「どうよ、付き合ったら」
さらっと言われた。
けれど「じゃあそうするよ」と簡単に言える話でもない。
「いや、そういうつもりじゃないでしょ」
「えー、だって不動産会社の主任候補でしょ。出世コースでしょ。相手としちゃ悪くないじゃん」
幸希の言葉をスルーして、亜紗は条件をあげていく。
「まー、異動は多いんだっけ? そこだけネックかもねぇ。年下ってのもちょっとアレかもだけど……二歳くらいなら誤差でしょ」
なんて、亜紗は結婚相手としての値踏みを語りはじめた。
けれど幸希はあまり気が進まなかった。
戸渡がどうこうという以前に、結婚相手を条件で決めたくはない、と以前から思っていた。
シンプルに言えば、恋愛結婚がしたいのだ。この歳になっては、もう少々高望みかもしれないのに。
街コンに行ったくらいには、合コンなりお見合いなりそういうところでさっさと相手を見つけて結婚前提に付き合って……というのが多分、現実的だとわかっている。
夢見る乙女じゃあるまいし、と自分に呆れることもあるのだけど、願望は願望。持っているだけならいいと思っている。
それはともかく、戸渡本人。
今のところ、戸渡のことは彼氏候補とかそういう対象としては見ていなかった。
でも先日、彼氏の振りをして助けてもらっている。なのでまるで興味が無いというわけでもなかった。知らんぷりだってできないし。

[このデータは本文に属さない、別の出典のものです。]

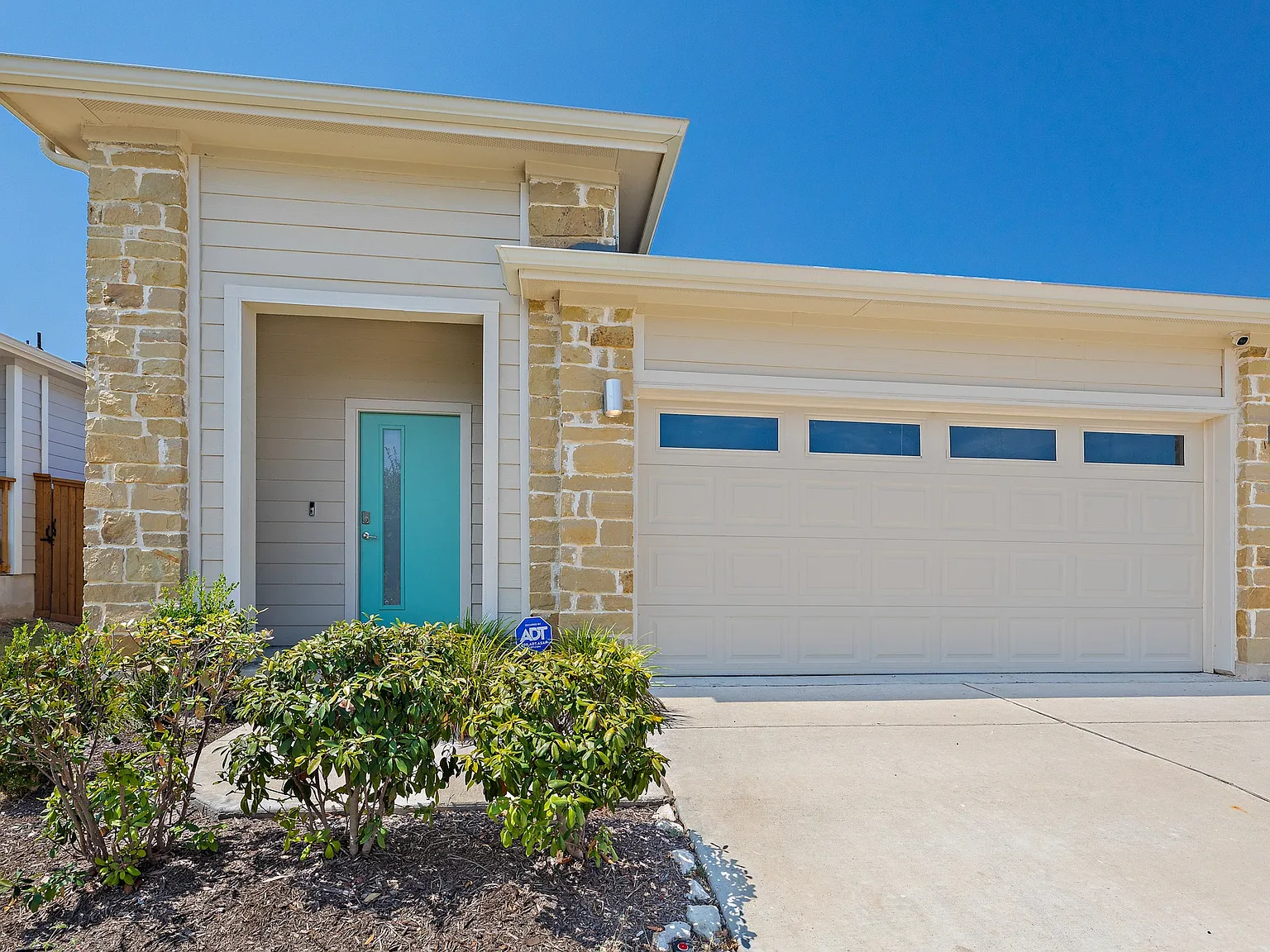 3 bed, 1530 sqft, $1,795 — Photo 1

それにちょっとときめいた。だって、亜紗の言ったように、『ナイト』ともいえる行為だったのだから。
「結構いいんじゃないかなー。幸希、面倒見いいけどちょっと無理しがちなとこあるから、そういう気の付く子が彼氏か旦那になると助けてくれるかもよ?」
亜紗は急に真面目な話をはじめた。それは何度か言われていたことだ。
「いつもそう言うけどさぁ」
「だって大学時代に倒れたことあったでしょ。レポートに集中しすぎて」
耳に痛いことを言われた。幸希は、う、と詰まってしまう。
三年生の終わり。卒論のかかったレポート。難航するあまり、二徹してしまったあとの日のことだ。
結果、学校で重度の貧血を起こして病院に運ばれてしまったのだ。
幸いただの過労と貧血だったので、投薬と点滴で済んだ。そして日帰りで夜には帰ることができたけど、そのとき一緒にいた友達は青ざめて病院まで付き添ってくれたし、両親には叱られた。「体を壊したら元も子もないでしょう!」と。
亜紗は大学が別だったけれど、その話は当時にしていたのだ。
友達にも両親にも、そして多分教授などにも迷惑をかけてしまったこと。そのくらい無理をしてしまったのは考えなしだったと思うのだが、『やることがある』となるとそればかりになって突っ走ってしまうのは、幸希の悪い点であるといえた。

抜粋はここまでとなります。